Looking For The Fairytale

October 29, 2021

Owning a racehorse is an expensive hobby. The word “hobby” is deliberate as opposed to an expensive “business” because it’s generally felt that if an owner can recoup 60 percent of their outlay and training expenses they will have done well, writes Gary Lemke for GGGaming.bet

You often hear of the fairtytale stories, and those are the ones which keep owners going back to a Sales and having another go at making dreams come true. Louis The King was one such star. He was unwanted at the KZN Yearling Sale and later sold off for R60 000. He went on to become a Triple Crown winner in 2014, the first since Horse Chestnut.

Kommetdieding is another, also unwanted by expert eyes and sold to owner Ashwin Reynolds for R50 000. He went on to win last year’s Vodacom July.

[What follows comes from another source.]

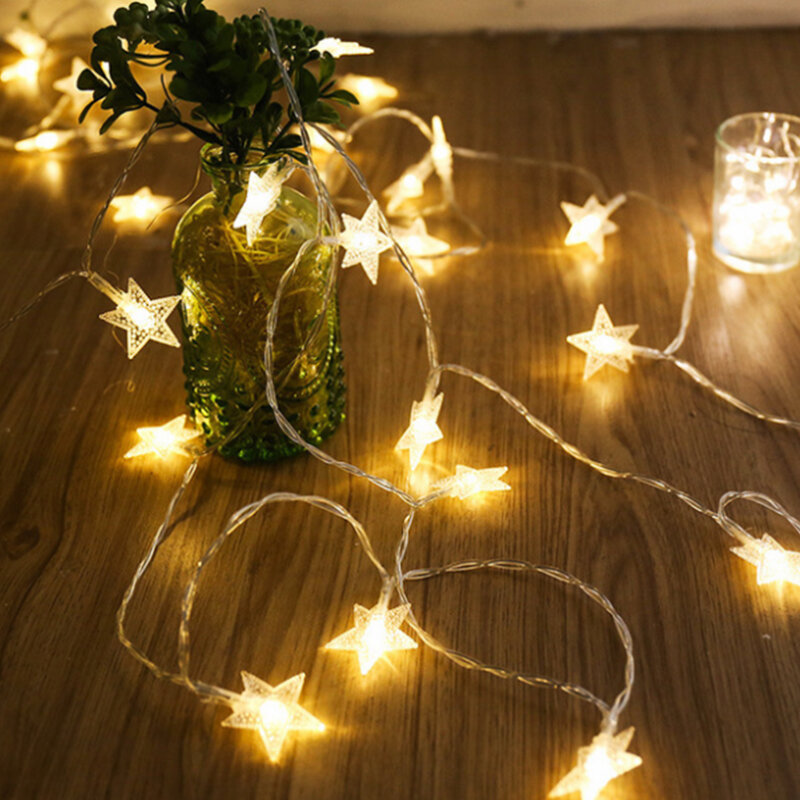 عيد الميلاد سلسلة أضواء نجمة بإضاءة ليد سلسلة وميض أكاليل بطارية تعمل بالطاقة عطلة حفلة زفاف أضواء الجنية الزخرفية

Katak, now aimed at an upcoming R11-million Grade One race in Singapore is another, also glossed over and sold to Marsh Shirtliff for around R50 000. Even the great Pocket Power was bought for R190 000 and earned R10-million in stakes.

But for every fairytale success story there are hundreds of expensive “failures”. Those are the ones you don’t hear about, but they are in the majority.

Yet, everyone is in the horse racing industry for a reason. Punters love to punt, they love the thrill of backing a winner. An owner gets various pleasures, but they come at a cost. However, no one is more important than the other in this sport. An entire stable consists of a well-oiled team, with the head trainer being the “face” of this stable.

On Sunday at Kenilworth the 2021 CTS Ready To Run Sale auction is being held at Kenilworth, with the gallops taking place on Friday at the course, followed by a day’s racing on Sunday. It’s an important event in the annual calendar and one in which owners get a chance to see their fancy galloping on the track, which talks to the “Ready To Run” theme. It’s considered less guesswork than viewing at a yearling sale, but then the price you pay is also higher.

Between Friday’s gallops and Sunday’s auction, which is also online, is the R900 000 CTS De Grendel Ready To Run Stakes over 1400m. This is a brilliant carrot for those buying at each year’s RTR Sale. Basically, 16 horses bought at the previous year’s Sale contest this race, with first place being R460 000 and stake money (R17 000) offered down to eighth. It’s a sort of “thank you” to those who attended the previous sale.

The betting suggests this year’s race is wide open, with the 7-01 joint favourites being the Eastern Cape raider Whatever Next, along with two Justin Snaith-trained fillies, Homely Girl and Queen Of Shadows. The latter is drawn No4 in this 1400m race, and the draw is of huge importance – although, strangely, in this event in previous years it hasn’t been of much significance, so bear that in mind.

Drawn worst of all is the Candice Bass-Robinson-trained Dancetildaylight who can’t be left out of anything. Aldo Domeyer rides and the stable has been in sublime form – as proven last weekend when winning both features. In this column last weekend we suggested backing the stable to win those two features and include Whoa Whoa Whoa in a multiple. It came home at 24-1, which was a tidy profit.

Bass-Robinson is still worth following this weekend and apart from Friday at Fairview, Tchaikovsky and Charlie Squadron catch my eye as a possible double on Saturday, and don’t ignore Dancetildaylight (pictured) in the main race. Perhaps take this filly and Homely Girl as floating bankers in the main race in the quartet.